__Work required__
Retype, exactly as written, every line from the one containing "My home store" through the last line of the records below, both included; skip the pictures.

__Data extract__
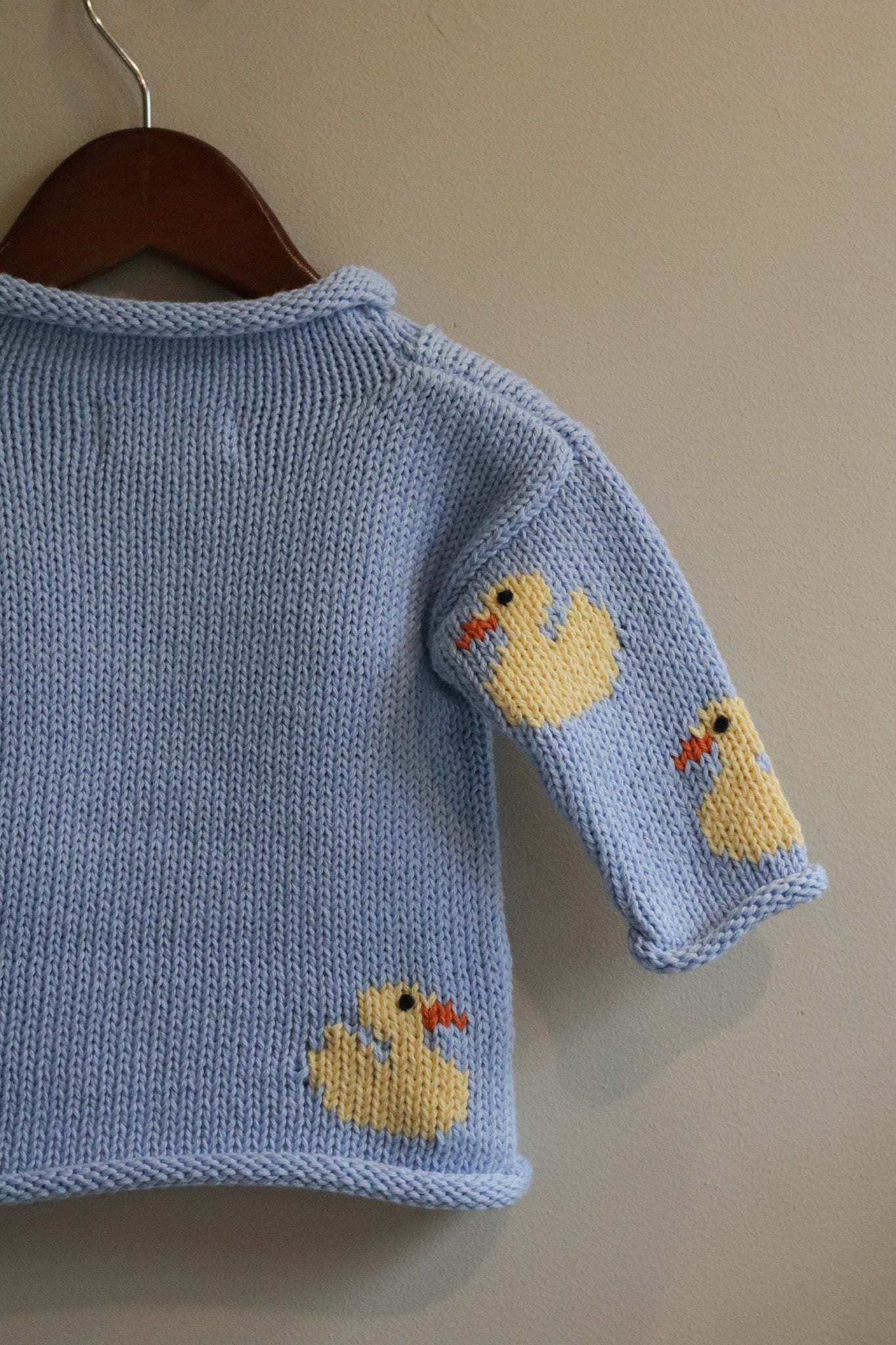 Roll Neck Ducks All Over Sweater Blue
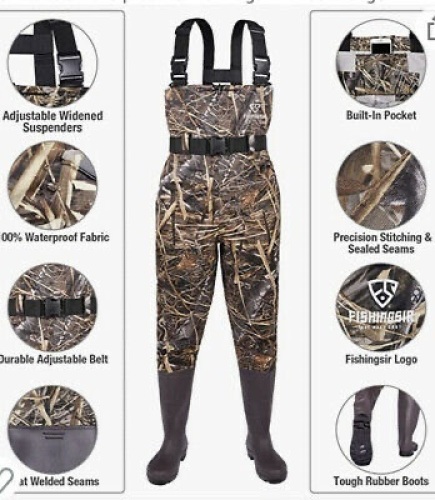FISHINGSIR Waterproof Chest Waders NYLON PVC Bootfoot 11 Wader for Fishing Camo - Lot 1071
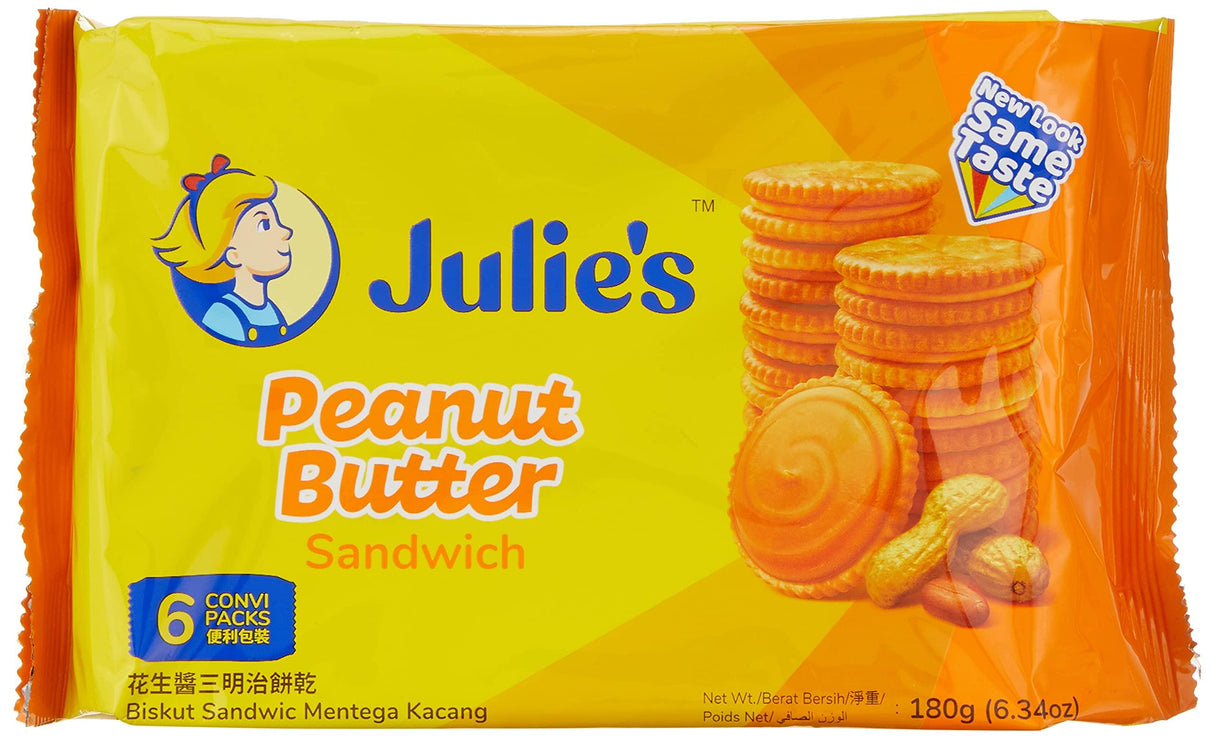 Julie's Peanut Butter Sandwich Biscuit, 6 ounces, 1 pack - Mighty Depot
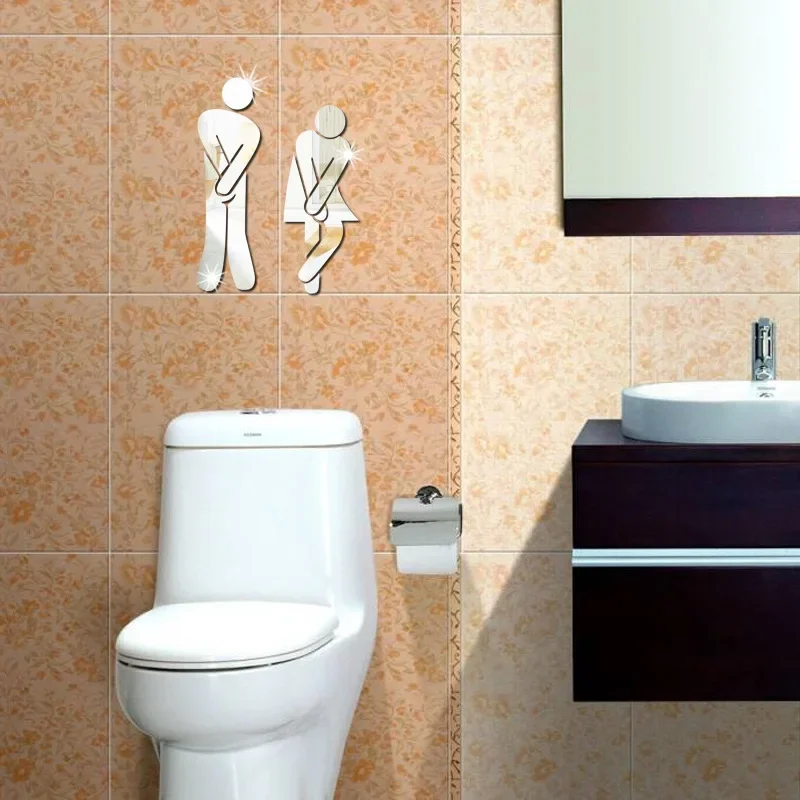 Wall Stickers Home Bedroom Mirror Sticker Toilet Room Sign Decorative Bathroom Sign
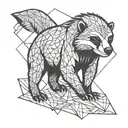 honey badger geometric tattoo design idea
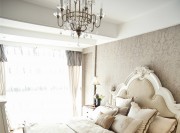 唯美時尚歐式風(fēng)格80平米二居室臥室吊頂裝修效果圖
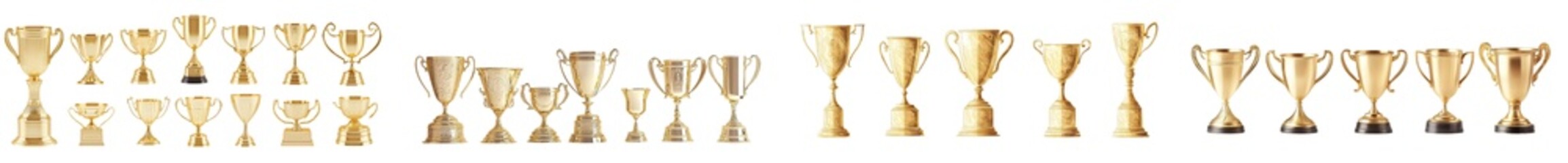 Isolated on a white background are a set of golden trophies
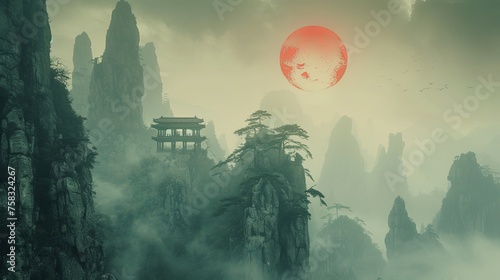 A mountain landscape in Japanese style. Rocky terrain with light fog, red sun and flying birds. Digital art in drawn style. Illustration for cover, card, postcard, interior design, poster, brochure.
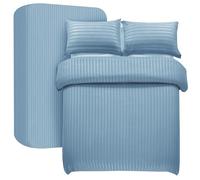 My home store Ensemble de housse de couette super king 4 pièces en satin rayé avec parure de lit en microfibre brossée douce avec drap housse de 30 CM de profondeur et 2 taies d'oreiller (Bleu clair)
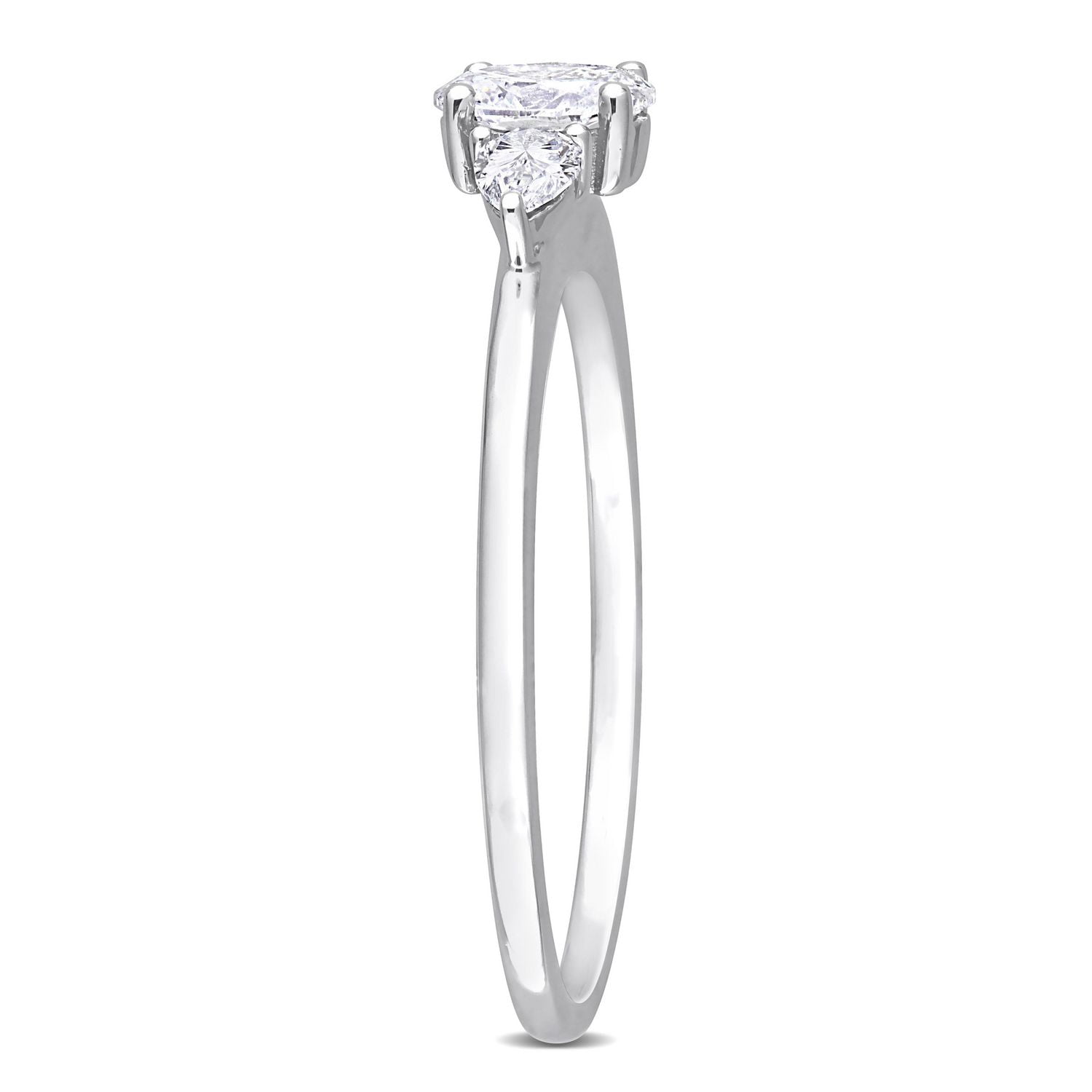 Miabella Bague de fiançailles à 3 pierres en or blanc 14K avec diamant 1/2 carat P.T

__Response to the task__
 My home store Ensemble de housse de couette super king 4 pièces en satin rayé avec parure de lit en microfibre brossée douce avec drap housse de 30 CM de profondeur et 2 taies d'oreiller (Bleu clair)
 Miabella Bague de fiançailles à 3 pierres en or blanc 14K avec diamant 1/2 carat P.T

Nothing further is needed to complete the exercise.